1 is a longitudinal sectional view of a throttle body showing a first embodiment of the present invention. Front view of throttle body Cross-sectional view of the periphery of the intake pipe pressure sensor The longitudinal cross-sectional view of the throttle body which shows the 2nd Embodiment of this invention The longitudinal cross-sectional view of the throttle body which shows the 3rd Embodiment of this invention The longitudinal cross-sectional view of the throttle body which shows the 4th Embodiment of this invention Vertical section of a conventional throttle body

Explanation of symbols

DESCRIPTION OF SYMBOLS 11 ... Throttle body 12 ... Intake pipe 13 ... Surge tank 15 ... Outer pipe 16 ... Inner pipe 18 ... Throttle valve 19 ... Bulkhead 20 ... Blocking recessed part (upstream space)
DESCRIPTION OF SYMBOLS 21 ... Downstream space 22 ... Air inflow port 23 ... Air outflow port 24 ... Enclosure 26 ... Step motor 27 ... Bypass air passage 28 ... ISC valve (Bypass air flow rate adjusting means)
DESCRIPTION OF SYMBOLS 30 ... Intake pipe pressure sensor 32 ... Pressure detection part 34 ... Purge hole 41 ... Throttle body 42 ... Blocking recessed part 43 ... Throttle body 44 ... Blocking recessed part 45 ... Throttle body 46 ... Outer pipe 47 ... Inner pipe 48 ... Bulkhead 49: Blocking recess (upstream space)
50 ... downstream space

Claims (2)

In a throttle valve device of an internal combustion engine provided in a tubular throttle body so as to be able to open and close a throttle valve that controls the amount of intake air,
In the inner periphery of the throttle body, at least a lower portion where moisture is transmitted from the upstream side of the throttle valve to the inner peripheral surface of the intake pipe, and a U-shaped blocking recess for blocking moisture transmitted from the upstream side.
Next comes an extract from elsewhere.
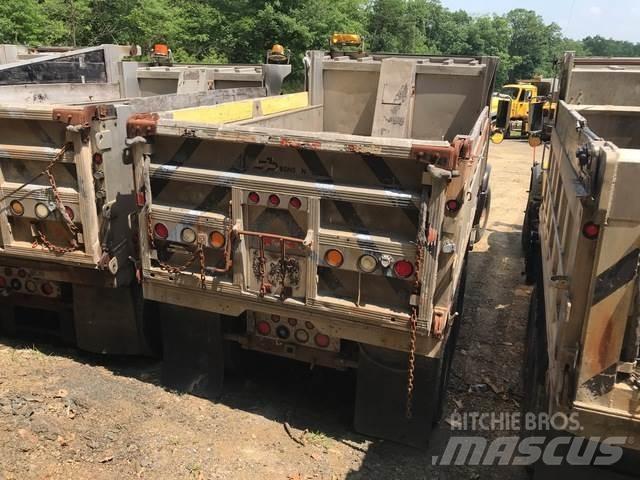 Mack CV713 Snežné pluhy, predné snežné radlice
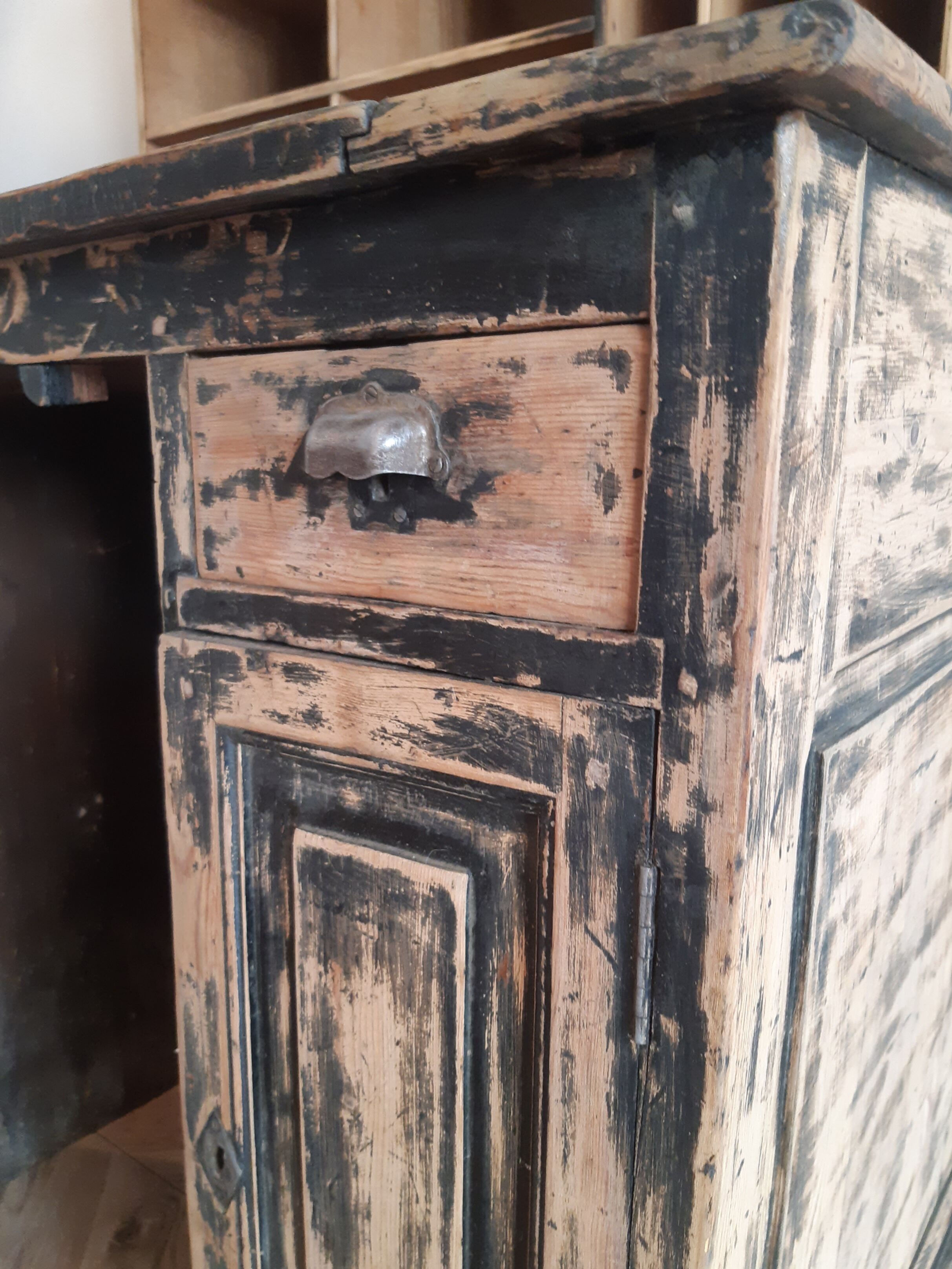 Bureau tri postal en bois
The blocking recess is configured so as not to have any other communication path connected to the lower part where the blocked moisture is accumulated, and the opening of the blocking recess is positioned upstream of the throttle valve. A throttle valve device for an internal combustion engine, characterized in that the opening of the blocking recess faces from the downstream side to the upstream side of the throttle valve. The throttle valve device for an internal combustion engine according to claim 1, wherein the throttle body is integrally formed of resin.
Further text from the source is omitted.